The camp consisted of three different groups, Squirt, Pee Wee and Bantam-Midget.
Throughout the on-ice sessions, the camp consisted of different contact drills for the players, allowing them to learn proper strategies and techniques they can use in a game.
Squirt and Pee Wee players learned how to gain the advantage through taking the proper angle on one’s opponent, using leverage and gaining the advantage through proper body positioning. All of these skills help players adjust to the new emphasis in USA Hockey on increased body contact in the squirt and Pee Wee age groups. These same skills come into play later, at the Bantam level, when it comes time to introduce full body checking into the game. So, participants had the opportunity to learn skills that will benefit them now and also assist their transition, in a seamless manner within a few seasons, into the world of checking as bantam players.
Bantam and Midget age players worked on these same skills with additional instruction in the proper techniques regarding full body checking. They learned how to deliver a check cleanly and within the rules of the game. They also learned strategies for avoiding checks while still playing aggressively and how to take a check safely.
The three-day camp featured former Penguins defenseman, Dennis Owchar. Owchar was a hard-hitting defenseman whose checking technique was the marvel of his peers and has been admired by many players since. Pittsburgh Sports Broadcast Legend, Stan Savran says that Owchar is “one of the best open ice hitters in the history of the Penguins franchise.”
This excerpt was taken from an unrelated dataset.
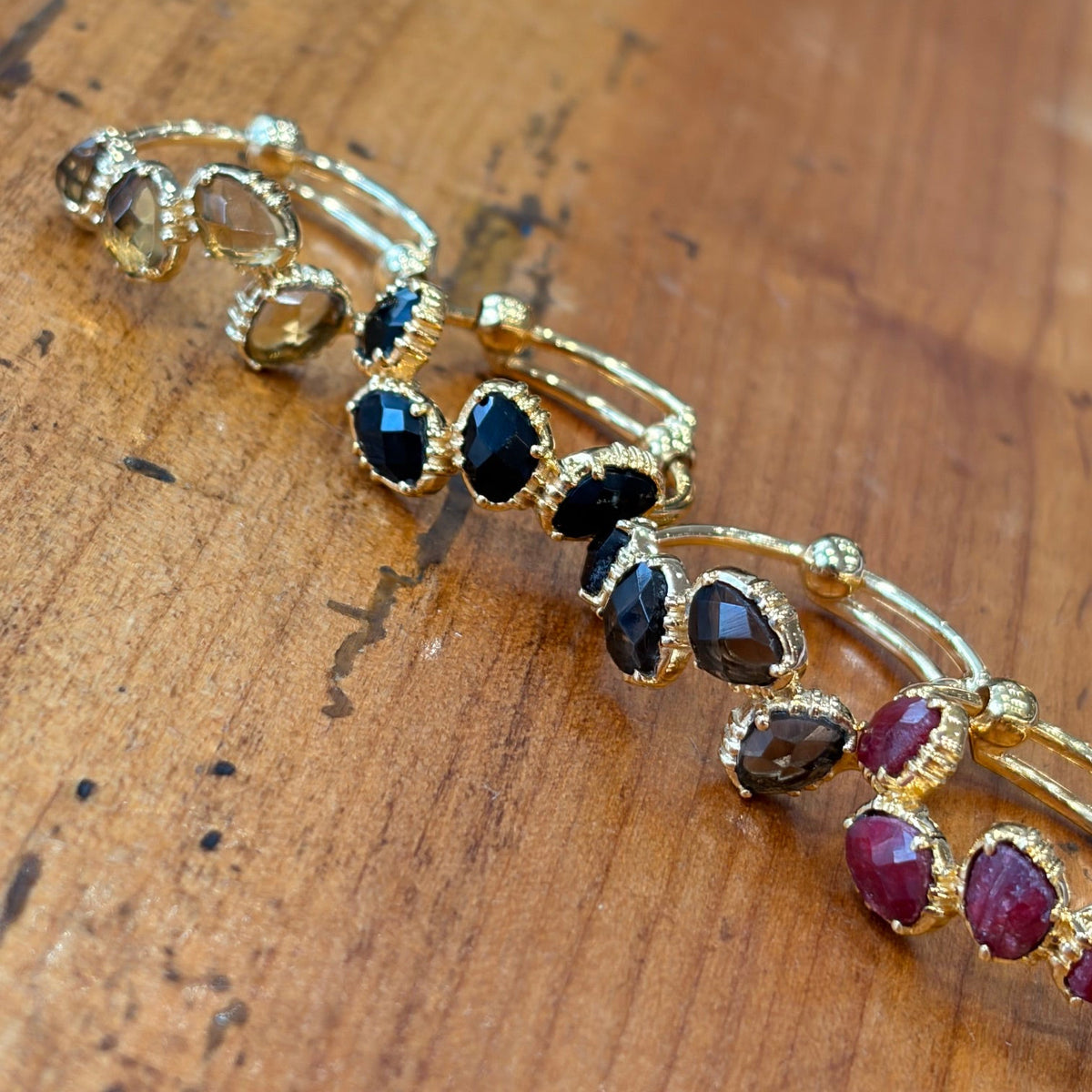 N°819 - Bague 4 minis pierres serties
Owchar instilled to the players the importance of playing with confidence while still maintaining a clean and safe form of play. The techniques that were learned will provide the players at all three age levels with the tools to increase the physical aspects of their game and maximize their skills. Additionally they learned to protect themselves and to respect the safety of their opponent through proper technique and knowing and playing by the rules of the game. And they were able to learn this from a player who embodied all of these traits as a NHL player!